Ollerenshaw was a product of her time, not a deliberate breaker of barriers. But she sometimes ended up flouting conventional notions of her role in society. At age eight, she went deaf. Otosclerosis, an abnormal bone growth in the middle ear, ran in her family, and an infection precipitated her deafness. She learned to read lips and went to a small school that was able to give her the attention and accommodations she needed to cope with her impairment. She believes that her deafness made mathematics an appealing subject: understanding it relied much less on hearing than other subjects did, and she benefited from good teachers who encouraged her natural mathematical curiosity. But at that time people assumed that teaching was the only appropriate mathematical career for a woman and that a deaf person could never become a teacher. The school tried to keep her out of higher math classes at age 16, but Ollerenshaw threw a fit and convinced the administration to let her continue studying math.
After graduating, Ollerenshaw gained admittance and a scholarship to Oxford, in part because her interviewers did not know she was deaf—her lipreading skill was good enough to conceal her handicap. (She had had trouble reading lips at her interview with the University of Cambridge, however, and mentioned her difficulty to an interviewer. They were much less enthusiastic about having her.) She became engaged in 1931 during her first term to childhood friend Robert Ollerenshaw, a medical student, and "envisaged a life as Robert's wife, he a practicing surgeon, myself playing the role of the supporting wife and, hopefully, mother." She wrote that her domestic ambitions and interest in sports kept her from paying as much attention to her studies as she might have. "I spent too much time playing hockey and going with Robert to dances," she wrote.

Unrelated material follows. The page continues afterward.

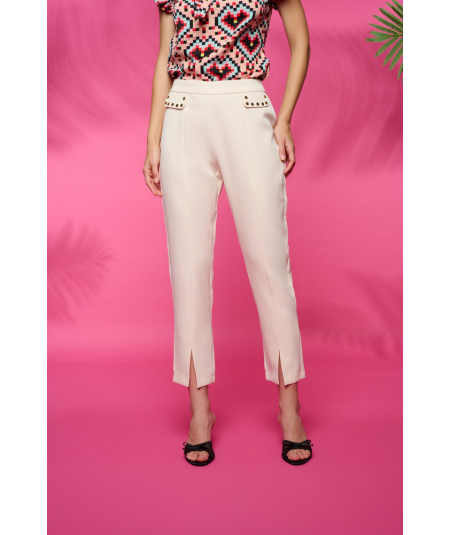 pantalones-con-tachuelas-culver-minueto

Had it not been for the interruption of everyday life by World War II, she may have continued along her planned domestic path and never fully realized her mathematical potential. The couple married hastily in 1939, just after war broke out in Europe. As she explains, "I took it for granted that Robert would be posted abroad immediately—and be slaughtered in northern France as had happened to so many soldiers. I dreaded being left unmarried after so long betrothed."

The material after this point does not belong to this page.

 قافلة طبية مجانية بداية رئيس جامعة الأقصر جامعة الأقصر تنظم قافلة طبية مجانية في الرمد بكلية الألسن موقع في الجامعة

Robert was not immediately deployed, and he survived many close calls during the war. The couple had a son, Charles, in 1941, and the next year, Robert was finally sent to the field. Ollerenshaw wrote the shock was so great that she had a miscarriage. "I cried nonstop for three days and then picked myself up and took the tramcar to the university to see how I could best use my mathematics (notwithstanding being deaf) to help the war effort." She returned to earn her PhD at Oxford while tutoring "emergency" mathematics courses.
After her husband returned from the war, Ollerenshaw taught math part-time at the University of Manchester while raising their two children. (A daughter, Florence, was born in 1946.) In 1954, a few years after her first hearing aid allowed her to participate more fully in conversations, she began her political career. "To serve on the Manchester education committee seemed an ideal way of giving the public service that I had been brought up to believe should be a main objective for those not obliged to earn their own living," she wrote. Her long political career took her to the city council and numerous national education committees, including stints in Margaret Thatcher's administration in the 1980s. In 1971 she was knighted for services to education, earning the title Dame. In 1975–76 she served one term as Lord Mayor of Manchester, the "first citizen" who represented Manchester on formal and ceremonial occasions.
Ollerenshaw and her husband Robert bought a cottage 160 kilometers from Manchester just before she got involved in politics. Hodge Close was her haven, an escape from committees and duties, and the location where she performed most of her mathematics. "Every path, every steep hillside and grassy slope, every familiar rutted road has its memories of moments of insight when the solution, or at least a way forward for some problem that had been holding things up, suddenly became clear," she wrote. Mathematics was also a comfort during tragic times. In 1972 Ollerenshaw's daughter died after an 18-month battle with cancer. Her husband passed away in 1986, their son in 1999. "When I have needed solace and I have had to depend on my own resources, the mathematics has been there. I am grateful." But, as Edwards wrote, "she doesn't 'do' mathematics to escape from life. She does it because it is her greatest joy."